The US response to the NLF's attack was horrendous — including the mass bombardment and subsequent destruction of the ancient Vietnamese capital, Hue.

The Vietnam War had a radicalising role on people around the world, especially youth. The US, and the "liberal democratic" capitalist system it represented, was espousing freedom while carrying out a war that by its end had killed 3 million Vietnamese people.

The examples of French colonialism, especially in Vietnam until 1954 and more recently in Algeria — which France was finally forced to relinquish control of in 1962 following a brutal war — also played a role in the radicalisation of ordinary French people, most notably the students.

Student revolt

It was the actions of the students, against a background of a worldwide youth radicalisation, that sparked the events of May-June 1968, which took France to the brink of revolution and, at its height, had more than one in five French citizens on the streets.
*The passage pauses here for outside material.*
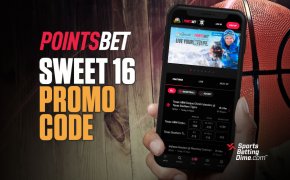 PointsBet Sweet 16 Promo code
It was sparked by seemingly small concerns at first, but soon the struggles unleashed tapped into deep-seated discontent. On February 21, Paris witnessed the first mass university and high school student demonstration in a protest that was sparked by poor conditions in overcrowded universities.

The demonstration re-named the area of Paris known as the Latin Quarter as "The Heroic Vietnam Quarter". The repression meted out by police led to further protests.

This led to the formation of the March 22nd Movement, taking its name from the March 22 protest against the arrest of leaders of the February 21 rally. This group led the occupation of the Nanterre University campus, with the university radio station taken over.

The campus, which was synonymous with "concrete jungle", was shut down by the authorities for 2 days, with the university authorities calling in police to deal with student radicals. A further series of protests addressing a range of student concerns relating to everything from conditions on campus, to the war in Vietnam and the brutal police repression.

A May 7 protest involved 20,000 high school and university students demonstrating for the freeing of arrested students and the re-opening of both the Sorbonne and Nanterre university campuses, which had been closed by university authorities to try to quell the rise in popularity of the radical student activists.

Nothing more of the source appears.